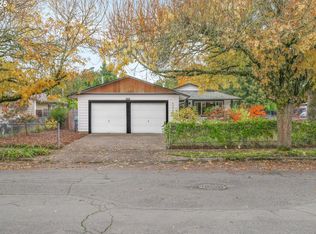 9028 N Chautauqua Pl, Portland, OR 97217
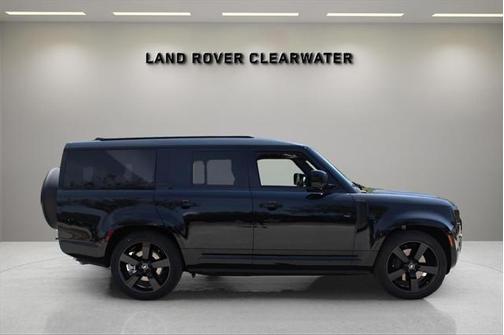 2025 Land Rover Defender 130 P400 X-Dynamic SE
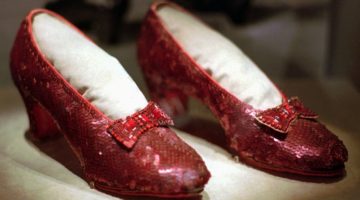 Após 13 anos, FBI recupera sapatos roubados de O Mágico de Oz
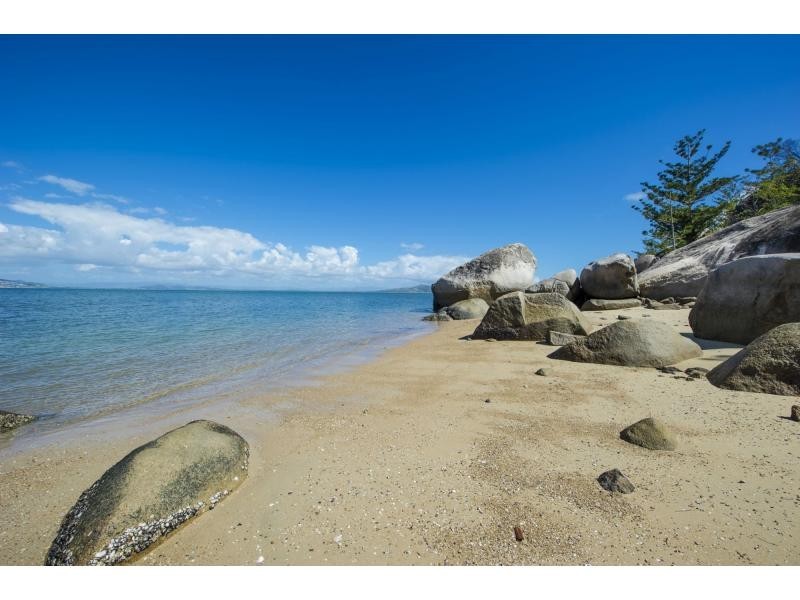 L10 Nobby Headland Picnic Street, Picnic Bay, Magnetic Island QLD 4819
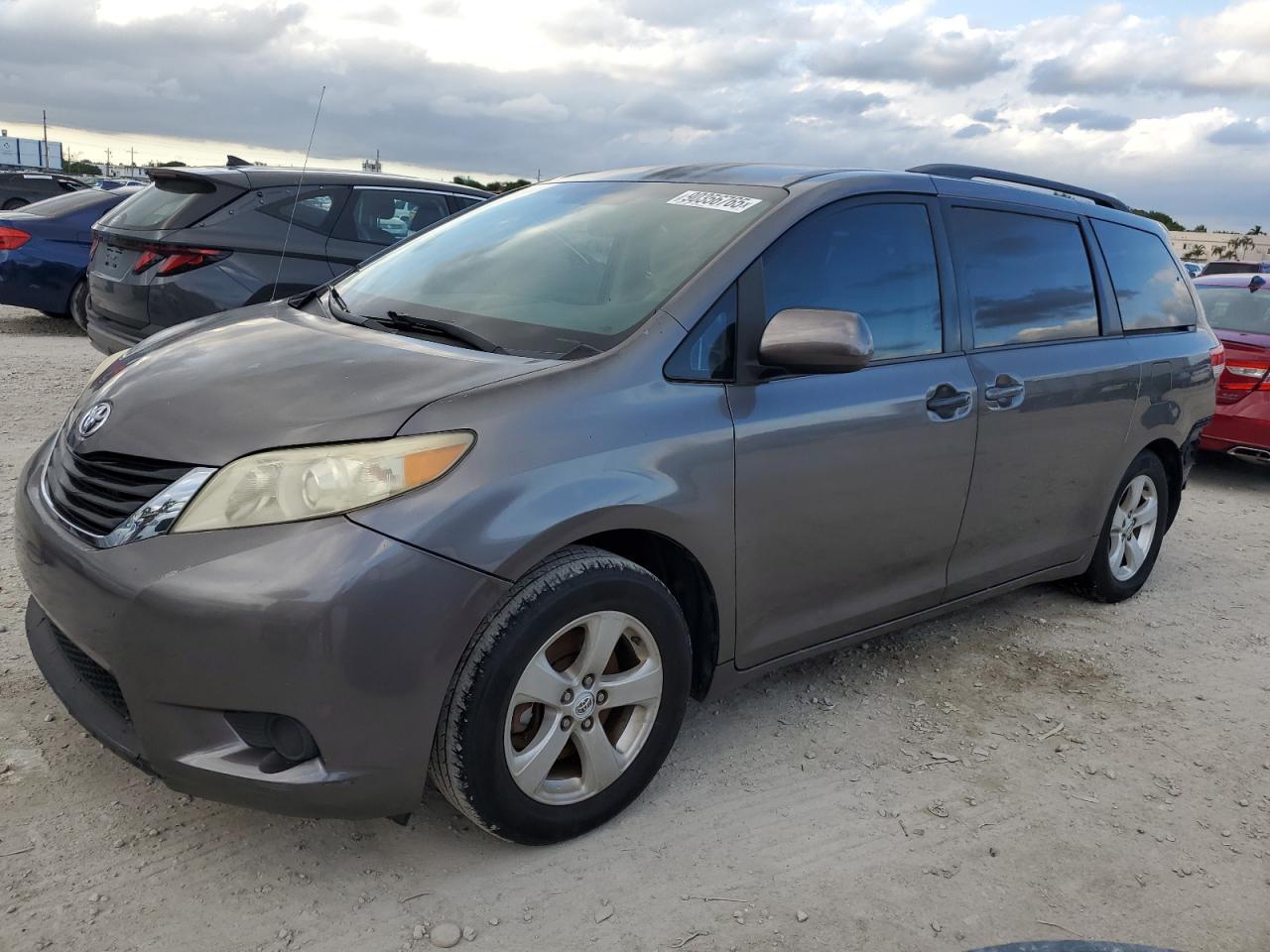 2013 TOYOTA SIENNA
____________
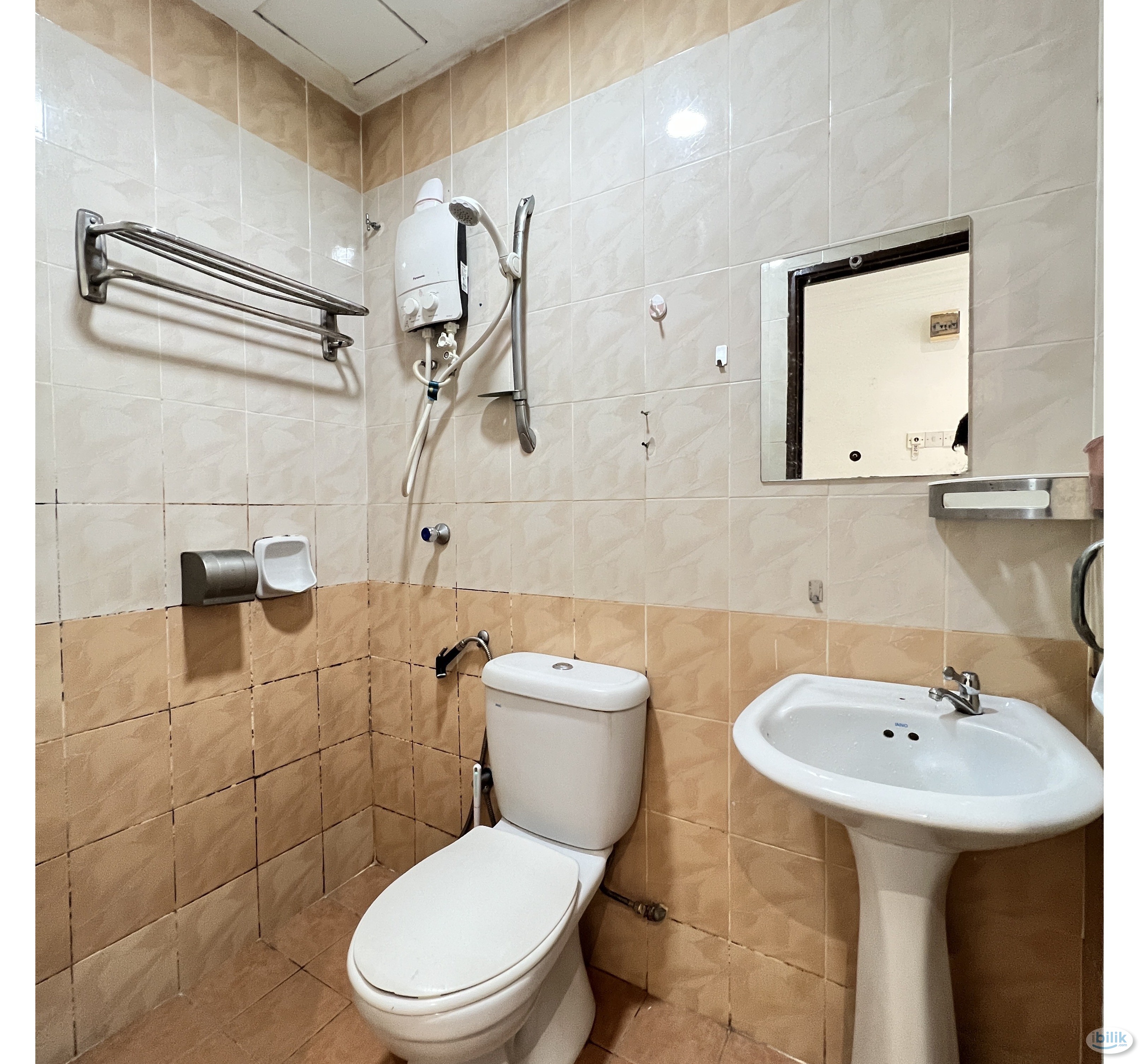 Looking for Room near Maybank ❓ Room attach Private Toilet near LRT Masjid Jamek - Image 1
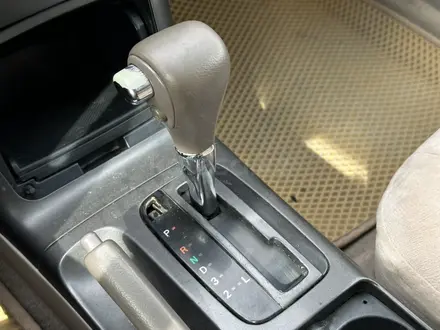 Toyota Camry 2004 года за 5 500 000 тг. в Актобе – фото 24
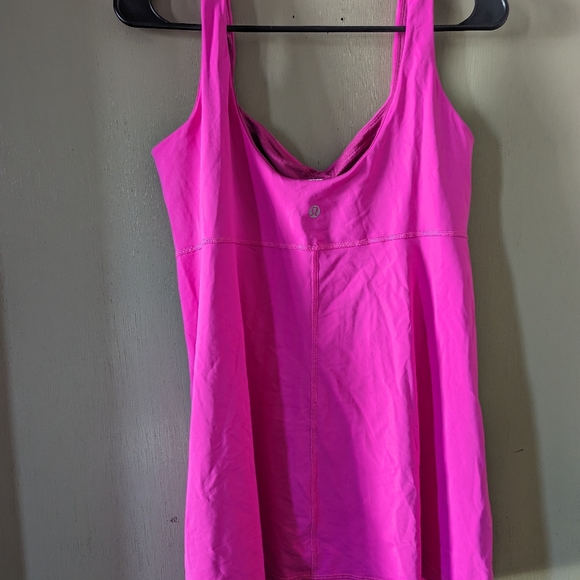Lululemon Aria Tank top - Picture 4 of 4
____________
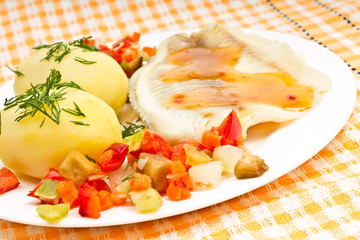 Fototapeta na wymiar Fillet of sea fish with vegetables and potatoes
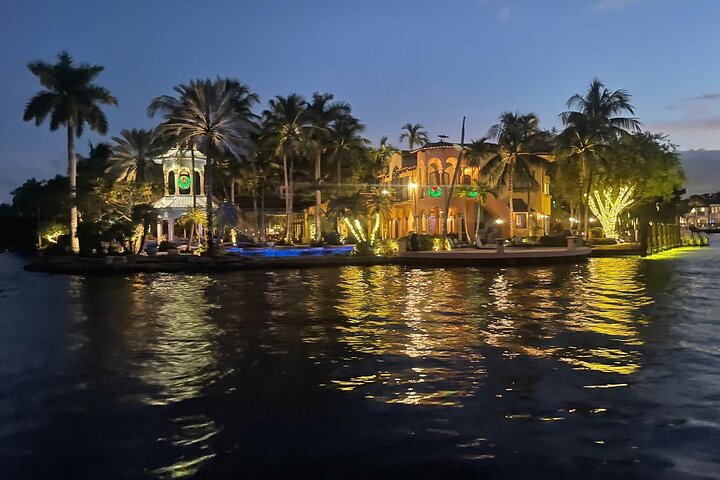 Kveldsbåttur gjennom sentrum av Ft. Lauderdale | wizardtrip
____________
# [Your instructions]
Using the records above, return verbatim only the part that opens with the line containing "9028 N Chautauqua Pl, Portland, OR 97217" and closes with the line containing "2013 TOYOTA SIENNA"; pictures stay out.

# [Response area]
 9028 N Chautauqua Pl, Portland, OR 97217
 2025 Land Rover Defender 130 P400 X-Dynamic SE
 Após 13 anos, FBI recupera sapatos roubados de O Mágico de Oz
 L10 Nobby Headland Picnic Street, Picnic Bay, Magnetic Island QLD 4819
 2013 TOYOTA SIENNA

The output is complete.